A Michigan education official is under fire after her response to a Republican state representative asking her how many genders there are went viral.
Michigan Chief Deputy Superintendent Dr. Sue Carnell found herself between a rock and a hard place when Republican Rep. Jay DeBoyer pointedly asked her how many genders exist, video shared on X by Libs of TikTok showed.
“How many genders are there?” DeBoyer asked Carnell, who is seen smiling in the clip that has since racked up more than 2.4 million views.
When she didn’t answer, he pressed her again.
“Different people have different beliefs on that,” Carnell responded.
“Well, you can believe what you want but science says there’s two,” DeBoyer said.
A firestorm of backlash quickly ensued online after the clip of Carnell’s response went viral.
“UNREAL. Michigan State Superintendent Sue Carnell doesn’t know how many genders there are. Watch as she draws a complete blank then refuses to answer when asked this simple question,” Libs of TikTok wrote while sharing the clip.
“This is the person responsible for Michigan kids’ education. Crazy as hell.”
“She is caught in the grips of an institutionalized mania,” political commentator Wesley Yang added on X.
Republican Michigan state Sen. Aric Nesbitt also commented on the exchange.
“3/4 Michigan kids can’t read at grade level.
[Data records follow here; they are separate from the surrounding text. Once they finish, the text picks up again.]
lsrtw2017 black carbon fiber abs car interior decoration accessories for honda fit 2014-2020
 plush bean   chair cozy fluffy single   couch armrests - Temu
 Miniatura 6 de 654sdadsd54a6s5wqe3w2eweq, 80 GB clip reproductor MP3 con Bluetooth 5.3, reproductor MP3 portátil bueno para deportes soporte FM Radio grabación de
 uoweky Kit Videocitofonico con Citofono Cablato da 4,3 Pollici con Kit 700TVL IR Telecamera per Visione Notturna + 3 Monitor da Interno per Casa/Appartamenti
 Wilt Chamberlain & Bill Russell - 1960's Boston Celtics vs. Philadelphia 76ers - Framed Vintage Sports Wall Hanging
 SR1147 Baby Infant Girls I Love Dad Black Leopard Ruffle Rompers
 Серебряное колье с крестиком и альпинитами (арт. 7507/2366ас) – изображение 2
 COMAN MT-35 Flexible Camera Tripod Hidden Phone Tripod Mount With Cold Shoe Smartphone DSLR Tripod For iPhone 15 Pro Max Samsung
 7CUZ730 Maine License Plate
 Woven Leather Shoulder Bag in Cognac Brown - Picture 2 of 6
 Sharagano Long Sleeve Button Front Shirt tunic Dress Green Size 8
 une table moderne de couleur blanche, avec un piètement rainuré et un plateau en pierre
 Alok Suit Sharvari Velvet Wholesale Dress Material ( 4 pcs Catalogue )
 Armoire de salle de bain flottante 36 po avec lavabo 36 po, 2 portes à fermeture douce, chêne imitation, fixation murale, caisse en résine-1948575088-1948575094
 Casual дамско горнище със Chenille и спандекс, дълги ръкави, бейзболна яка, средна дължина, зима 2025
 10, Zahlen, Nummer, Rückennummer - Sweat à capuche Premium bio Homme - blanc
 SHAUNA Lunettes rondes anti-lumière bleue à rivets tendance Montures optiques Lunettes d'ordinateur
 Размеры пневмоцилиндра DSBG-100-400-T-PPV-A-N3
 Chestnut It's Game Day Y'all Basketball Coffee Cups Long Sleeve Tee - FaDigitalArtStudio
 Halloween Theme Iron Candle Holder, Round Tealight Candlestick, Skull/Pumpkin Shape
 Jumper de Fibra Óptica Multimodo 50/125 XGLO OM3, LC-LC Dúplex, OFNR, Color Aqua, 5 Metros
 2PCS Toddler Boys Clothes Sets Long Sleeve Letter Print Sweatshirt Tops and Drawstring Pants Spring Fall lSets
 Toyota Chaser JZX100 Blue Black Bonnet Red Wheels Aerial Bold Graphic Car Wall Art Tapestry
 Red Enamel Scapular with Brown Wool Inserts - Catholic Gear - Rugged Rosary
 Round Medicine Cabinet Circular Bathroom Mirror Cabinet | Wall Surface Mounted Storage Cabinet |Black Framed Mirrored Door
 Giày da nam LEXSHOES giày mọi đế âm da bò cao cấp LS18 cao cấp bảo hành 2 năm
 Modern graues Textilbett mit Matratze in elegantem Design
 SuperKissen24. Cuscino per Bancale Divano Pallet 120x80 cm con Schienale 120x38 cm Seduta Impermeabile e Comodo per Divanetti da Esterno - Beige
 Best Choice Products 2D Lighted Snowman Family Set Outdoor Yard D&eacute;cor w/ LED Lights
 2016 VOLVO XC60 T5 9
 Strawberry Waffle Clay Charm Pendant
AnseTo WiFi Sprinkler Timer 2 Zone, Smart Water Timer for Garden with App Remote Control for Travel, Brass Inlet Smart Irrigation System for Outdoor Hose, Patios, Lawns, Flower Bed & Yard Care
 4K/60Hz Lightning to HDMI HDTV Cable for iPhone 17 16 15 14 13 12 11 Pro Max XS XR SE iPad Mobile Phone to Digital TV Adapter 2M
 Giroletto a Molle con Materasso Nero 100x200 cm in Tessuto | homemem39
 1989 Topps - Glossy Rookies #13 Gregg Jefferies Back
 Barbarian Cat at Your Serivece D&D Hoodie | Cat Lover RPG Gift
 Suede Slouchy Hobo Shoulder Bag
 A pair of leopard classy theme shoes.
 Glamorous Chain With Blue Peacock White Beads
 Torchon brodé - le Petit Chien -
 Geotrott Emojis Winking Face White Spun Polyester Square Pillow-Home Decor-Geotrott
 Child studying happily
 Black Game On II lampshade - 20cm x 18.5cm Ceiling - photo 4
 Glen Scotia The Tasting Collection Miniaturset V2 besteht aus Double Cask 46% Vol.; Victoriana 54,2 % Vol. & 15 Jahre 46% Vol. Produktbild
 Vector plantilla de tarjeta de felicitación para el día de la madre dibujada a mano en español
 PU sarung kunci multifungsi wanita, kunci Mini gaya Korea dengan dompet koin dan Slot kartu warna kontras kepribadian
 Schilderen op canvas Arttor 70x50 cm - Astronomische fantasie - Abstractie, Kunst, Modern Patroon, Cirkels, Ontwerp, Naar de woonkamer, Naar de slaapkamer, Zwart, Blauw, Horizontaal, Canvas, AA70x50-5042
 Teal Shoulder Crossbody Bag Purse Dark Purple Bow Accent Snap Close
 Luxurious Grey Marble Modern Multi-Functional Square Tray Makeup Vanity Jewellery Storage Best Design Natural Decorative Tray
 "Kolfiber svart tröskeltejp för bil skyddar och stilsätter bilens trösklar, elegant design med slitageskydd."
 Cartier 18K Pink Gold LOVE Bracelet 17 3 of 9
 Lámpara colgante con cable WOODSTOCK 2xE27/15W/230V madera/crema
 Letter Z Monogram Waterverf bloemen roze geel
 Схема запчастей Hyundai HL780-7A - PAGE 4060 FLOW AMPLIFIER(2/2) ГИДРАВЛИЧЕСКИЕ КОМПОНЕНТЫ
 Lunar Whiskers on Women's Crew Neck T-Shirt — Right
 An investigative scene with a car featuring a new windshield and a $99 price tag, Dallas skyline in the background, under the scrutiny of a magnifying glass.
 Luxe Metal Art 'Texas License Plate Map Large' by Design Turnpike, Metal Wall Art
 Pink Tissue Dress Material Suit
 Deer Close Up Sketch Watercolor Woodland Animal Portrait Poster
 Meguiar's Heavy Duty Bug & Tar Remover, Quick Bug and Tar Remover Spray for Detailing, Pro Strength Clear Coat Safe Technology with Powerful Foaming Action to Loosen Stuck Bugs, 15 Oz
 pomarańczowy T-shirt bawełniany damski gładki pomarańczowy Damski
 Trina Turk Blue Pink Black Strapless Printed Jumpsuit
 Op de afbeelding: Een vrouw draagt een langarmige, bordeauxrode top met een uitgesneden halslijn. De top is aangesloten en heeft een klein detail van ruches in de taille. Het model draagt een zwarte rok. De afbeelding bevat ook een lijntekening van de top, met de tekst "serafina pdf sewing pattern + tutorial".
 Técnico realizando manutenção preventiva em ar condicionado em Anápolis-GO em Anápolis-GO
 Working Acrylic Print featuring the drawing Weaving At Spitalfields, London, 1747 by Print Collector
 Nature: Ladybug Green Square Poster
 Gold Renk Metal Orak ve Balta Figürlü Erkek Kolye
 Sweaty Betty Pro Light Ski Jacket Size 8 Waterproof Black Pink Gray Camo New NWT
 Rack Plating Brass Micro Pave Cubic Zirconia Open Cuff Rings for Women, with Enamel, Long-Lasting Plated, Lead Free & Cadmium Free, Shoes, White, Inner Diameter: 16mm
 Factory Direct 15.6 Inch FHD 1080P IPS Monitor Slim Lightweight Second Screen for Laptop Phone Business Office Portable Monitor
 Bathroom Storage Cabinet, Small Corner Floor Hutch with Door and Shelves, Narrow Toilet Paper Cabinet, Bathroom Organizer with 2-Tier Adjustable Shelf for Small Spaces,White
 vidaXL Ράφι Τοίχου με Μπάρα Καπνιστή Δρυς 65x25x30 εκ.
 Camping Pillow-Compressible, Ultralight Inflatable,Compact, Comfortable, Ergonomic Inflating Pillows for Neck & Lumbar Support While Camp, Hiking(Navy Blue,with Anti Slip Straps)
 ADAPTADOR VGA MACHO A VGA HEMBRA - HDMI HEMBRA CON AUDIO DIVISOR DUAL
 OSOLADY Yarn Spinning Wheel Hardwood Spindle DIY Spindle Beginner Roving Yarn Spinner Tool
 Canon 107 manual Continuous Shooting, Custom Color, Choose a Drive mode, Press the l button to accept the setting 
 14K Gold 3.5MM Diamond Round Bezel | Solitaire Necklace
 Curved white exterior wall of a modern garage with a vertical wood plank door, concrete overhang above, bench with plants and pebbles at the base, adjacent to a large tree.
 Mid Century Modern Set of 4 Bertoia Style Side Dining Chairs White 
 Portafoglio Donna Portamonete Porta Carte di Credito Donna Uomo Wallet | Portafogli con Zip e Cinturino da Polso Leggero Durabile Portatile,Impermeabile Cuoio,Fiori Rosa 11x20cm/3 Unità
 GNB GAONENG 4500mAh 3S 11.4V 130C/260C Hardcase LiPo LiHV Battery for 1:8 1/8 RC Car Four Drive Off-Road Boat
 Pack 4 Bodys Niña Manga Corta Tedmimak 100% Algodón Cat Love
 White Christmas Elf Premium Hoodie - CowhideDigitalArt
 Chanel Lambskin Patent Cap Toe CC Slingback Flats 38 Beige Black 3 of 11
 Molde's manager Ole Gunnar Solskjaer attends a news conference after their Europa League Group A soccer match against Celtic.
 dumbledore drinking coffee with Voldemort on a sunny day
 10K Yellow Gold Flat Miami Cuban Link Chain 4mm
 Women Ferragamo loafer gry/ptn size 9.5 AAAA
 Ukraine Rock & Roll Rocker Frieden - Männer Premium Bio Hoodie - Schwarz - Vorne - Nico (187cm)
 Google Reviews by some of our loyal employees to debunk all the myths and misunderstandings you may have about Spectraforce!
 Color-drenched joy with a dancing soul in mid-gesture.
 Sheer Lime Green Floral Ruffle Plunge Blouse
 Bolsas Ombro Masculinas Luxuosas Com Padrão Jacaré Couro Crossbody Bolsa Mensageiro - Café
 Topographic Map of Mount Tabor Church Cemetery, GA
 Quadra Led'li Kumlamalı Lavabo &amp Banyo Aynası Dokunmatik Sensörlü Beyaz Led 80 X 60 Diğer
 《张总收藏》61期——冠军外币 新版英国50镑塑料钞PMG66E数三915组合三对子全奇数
When you realize these are the people in charge of education in Michigan, that number starts to make a lot more sense,” he wrote on X.
Nesbitt is referencing results from the Michigan Student Test of Educational Progress that were released in August and specifically highlighted plummeting reading scores among third- and fourth-graders whose early education was warped by the coronavirus pandemic.
“What I want people to know about gender identity is what’s in the update to the Michigan Health Education Standards Guidelines. It’s not about gotcha questions,” Carnell told Fox News Digital after the backlash.
“It’s about providing local school districts with research-based information about health topics and including a few standards about gender identity areas for consideration by local schools,” she wrote in her statement.
Carnell elaborated on the guidelines and explained that by the end of eighth grade, students should be able to “define gender identity, gender expression, and sexual orientation, and explain that they are distinct components to every individuals identity” and also “explain how biological sex, gender identity, and gender expression are distinct concepts and how they interact with each other,” her statement added.
A new set of state sex education standards was approved by the Michigan State Board of Education last week. It includes the guidelines Carnell mentioned in her statement.
The standards Carnell was defending in the viral clip of the hearing were also adopted in a swift 6-2 vote.
The Post reached out to Carnell for comment.